Come se ne esce? Credo che l’unica strada sia quella che porta fuori dagli steccati ideologici. Purtroppo o per fortuna le categorie politiche che conosciamo oggi non funzionano più. Intendiamoci: se parlo con uno di destra della storia d’Italia rischiamo di picchiarci dopo due minuti, ma se parlo con uno di destra, a patto che possieda una moralità, di quello che bisognerebbe fare per la mia città, le soluzioni si trovano e spesso sono concordanti. È forse giunto il momento di estrapolare la cultura politica dal progetto politico, di lasciare la discussione storica nel suo ambito e far partire la discussione programmatica sui problemi concreti.

Si dovrebbe partire dal piccolo, dalle città, approfittando di questo anno che separa gran parte delle amministrazioni locali dalle elezioni, per creare dei laboratori politici sperimentali e innovativi dove non si incontrino più i partiti per studiare coalizioni e strategie ma si ritrovino i cittadini per discutere di programmi e progetti, lasciando le tessere e le bandiere a casa. Sia la gente di buona volontà a tirare fuori l’Italia dal pantano, siano i politici esperti e cittadini volenterosi a creare la nuova politica.

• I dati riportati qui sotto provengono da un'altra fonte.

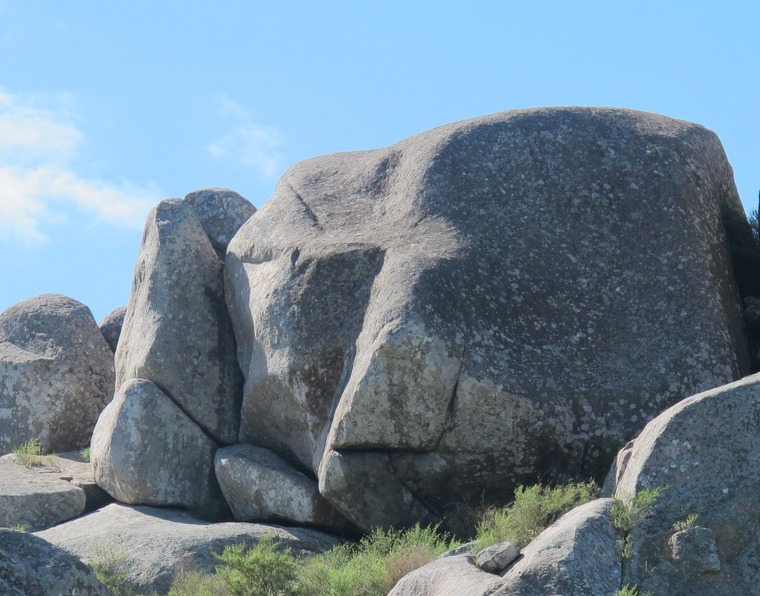 Movediza Regueringer Wall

Non c’è rischio di inquinamento da parte dei soliti vecchi marpioni in cerca di riciclo: le persone pulite sanno riconoscersi tra loro, probabilmente dall’odore.

Io spero di vedere un bel movimento nella mia città, fatto di donne e uomini che hanno voglia di impegnarsi senza secondi fini, che inizino a parlare fra loro, a dire quello di cui c’è veramente necessità, accettando l’aiuto di chi ha più esperienza, rifiutando le etichette e i vecchi giochi di forza delle segreterie politiche. C’è un anno prima delle elezioni amministrative: ci si può provare. E se funziona si può portare tutto su scala nazionale.